Yang’s work suggests that to meet the 2050 target, California’s transportation emissions must shrink by at least 60 percent—a tall order. At the February 2011 meeting of the American Association for the Advancement of Science in Washington, D.C., Yang and SciCom's Sascha Zubryd discussed the challenges of cleaner transportation.

First of all, why is it important to reduce greenhouse-gas emissions?

The main issue is the impact on climate change, and California is vulnerable to climate change. Changing snow pack, which is a big part of our water supply, is going to be a huge issue, and water is already a big problem in California. There are also the impacts on the state’s natural ecosystems and wildlife. I think transportation will play a pretty big role in any plan to reduce greenhouse gas emissions.

By executive order, California has to reduce its emissions drastically by 2050. How does reducing emissions from transportation figure into that?

Every sector of the economy does not have to do an equal share of emissions reduction. There’s buildings, industrial energy use, transportation, and other things as well. Each has different costs associated with reducing emissions. A lot of models say transportation is a fairly expensive way to reduce emissions. However, since transportation is the largest contributor, it needs to reduce emissions quite a bit. A lot of people may have thought if we just go to renewables, or if we just have nuclear power, that would be enough. But it’s clear every sector needs to play a role.

Does it actually make any difference if I take public transit to work instead of driving?

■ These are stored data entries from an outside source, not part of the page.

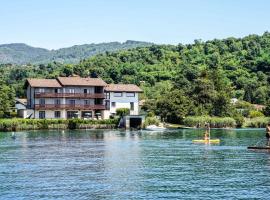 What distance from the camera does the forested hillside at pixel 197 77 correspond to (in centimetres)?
12438

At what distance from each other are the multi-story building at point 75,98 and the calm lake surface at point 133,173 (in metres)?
52.1

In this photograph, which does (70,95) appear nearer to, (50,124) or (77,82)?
(77,82)

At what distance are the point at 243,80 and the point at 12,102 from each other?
7421cm

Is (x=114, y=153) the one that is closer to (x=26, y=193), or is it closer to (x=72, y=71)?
(x=26, y=193)

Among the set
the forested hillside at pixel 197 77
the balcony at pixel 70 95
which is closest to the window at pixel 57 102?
the balcony at pixel 70 95

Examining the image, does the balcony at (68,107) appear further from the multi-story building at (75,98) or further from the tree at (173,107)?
the tree at (173,107)

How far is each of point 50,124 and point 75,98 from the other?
11252 mm

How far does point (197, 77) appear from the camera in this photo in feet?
470

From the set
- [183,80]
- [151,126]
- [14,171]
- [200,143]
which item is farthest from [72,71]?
[14,171]

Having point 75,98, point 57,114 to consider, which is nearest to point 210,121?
point 75,98

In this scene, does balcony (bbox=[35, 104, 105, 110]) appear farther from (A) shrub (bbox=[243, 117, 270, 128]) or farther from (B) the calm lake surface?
(B) the calm lake surface

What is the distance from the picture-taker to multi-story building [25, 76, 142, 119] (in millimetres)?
114375

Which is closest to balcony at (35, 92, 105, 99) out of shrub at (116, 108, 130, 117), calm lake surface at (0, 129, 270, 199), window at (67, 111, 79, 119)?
window at (67, 111, 79, 119)

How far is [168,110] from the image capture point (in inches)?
4690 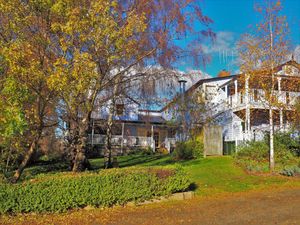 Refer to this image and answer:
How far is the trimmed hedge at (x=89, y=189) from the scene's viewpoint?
27.9ft

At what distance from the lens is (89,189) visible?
9234 millimetres

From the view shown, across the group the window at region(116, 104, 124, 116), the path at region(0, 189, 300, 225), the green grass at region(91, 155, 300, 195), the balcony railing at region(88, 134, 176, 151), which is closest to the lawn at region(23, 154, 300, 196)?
the green grass at region(91, 155, 300, 195)

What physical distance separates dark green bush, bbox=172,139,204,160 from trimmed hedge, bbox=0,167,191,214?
9626 mm

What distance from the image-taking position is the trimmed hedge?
8.49 m

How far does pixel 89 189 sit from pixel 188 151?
39.8 feet

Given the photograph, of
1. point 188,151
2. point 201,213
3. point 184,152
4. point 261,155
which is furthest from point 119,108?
point 201,213

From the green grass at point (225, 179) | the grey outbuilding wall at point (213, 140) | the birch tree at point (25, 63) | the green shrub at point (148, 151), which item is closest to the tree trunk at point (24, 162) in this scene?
the birch tree at point (25, 63)

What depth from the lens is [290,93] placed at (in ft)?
57.0

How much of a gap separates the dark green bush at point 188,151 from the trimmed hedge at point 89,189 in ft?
31.6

Definitely. Taking public transportation makes a difference because that bus or train will be running regardless of whether you’re on it. So by taking it, you’re not adding any emissions or energy use to the system. You’re eliminating the emissions you would have generated by taking your car. Obviously, if everyone took public transportation, you would require more buses, more trains to be run. But buses and trains are more efficient per mile for each passenger than a car. So even though you would add more bus emissions, you would subtract many more car emissions, so there’s still a benefit. Electric vehicles are also much more efficient than conventional gasoline cars—about four times more efficient.

What do you mean when you say electric vehicles are more efficient?

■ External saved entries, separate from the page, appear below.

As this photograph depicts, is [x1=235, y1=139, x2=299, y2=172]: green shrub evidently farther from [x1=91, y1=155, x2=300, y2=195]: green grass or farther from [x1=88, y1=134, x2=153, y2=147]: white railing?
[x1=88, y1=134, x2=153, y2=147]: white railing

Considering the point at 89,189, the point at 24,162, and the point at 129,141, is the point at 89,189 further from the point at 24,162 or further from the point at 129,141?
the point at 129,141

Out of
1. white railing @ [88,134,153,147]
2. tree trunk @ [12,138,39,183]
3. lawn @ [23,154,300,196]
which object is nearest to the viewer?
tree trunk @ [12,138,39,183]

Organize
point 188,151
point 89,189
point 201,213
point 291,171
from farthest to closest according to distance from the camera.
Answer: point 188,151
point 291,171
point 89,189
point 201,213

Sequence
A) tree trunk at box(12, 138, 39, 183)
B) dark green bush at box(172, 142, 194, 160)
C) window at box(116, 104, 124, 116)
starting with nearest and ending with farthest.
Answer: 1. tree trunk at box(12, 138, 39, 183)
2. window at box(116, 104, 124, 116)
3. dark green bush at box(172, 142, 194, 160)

They use less energy per mile traveled. A gallon of gasoline is equivalent to, in technical terms, 33 kilowatt-hours of electricity. That means if you burn a gallon of gasoline, or if you consume 33 kWh of electricity, you produce the same amount of heat. [33 kWh is enough to power a typical 100-watt light bulb fortwo weeks straight.] But an electric car can go much farther on 33 kWh of electricity than a gasoline car can go on a gallon of gasoline.

"With the political climate it seems challenging to even meet modest goals [to reduce greenhouse-gas emissions]. Somebody’s got to be responsible for making your home electricity bill go up. Who’s going to vote for that person?"

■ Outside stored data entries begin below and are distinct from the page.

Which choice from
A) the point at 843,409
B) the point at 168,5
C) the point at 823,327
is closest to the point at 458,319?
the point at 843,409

Making passenger vehicles electric is one thing. What can we do to lower emissions from other kinds of transportation?

Some other forms of transportation can also be electrified, like buses and trains, and electricity can be decarbonized. In California we have a Renewable Portfolio Standard that requires 33 percent of generation from the big utilities to come from renewables [solar, wind, or biofuels]. The beauty of electricity is that there are policies and mandates in place for electricity providers like PG&E and Southern California Edison to reduce greenhouse gas emissions over time. So your electric car is going to get cleaner just because it’s using electricity, regardless of what you do as a consumer. If we’re serious about meeting the 2050 goal, electricity carbon emissions basically have to go to zero.

Hydrogen is also a form of electrification. Electricity produced in a hydrogen fuel cell powers the vehicle in place of electricity from a battery.

Some types of transportation don’t lend themselves to electrification, like airplanes, heavy trucks and boats. However, you can still make these vehicles very efficient and power them with low-carbon fuels like biofuels.

What do you see as the biggest barrier to reducing California’s transportation emissions?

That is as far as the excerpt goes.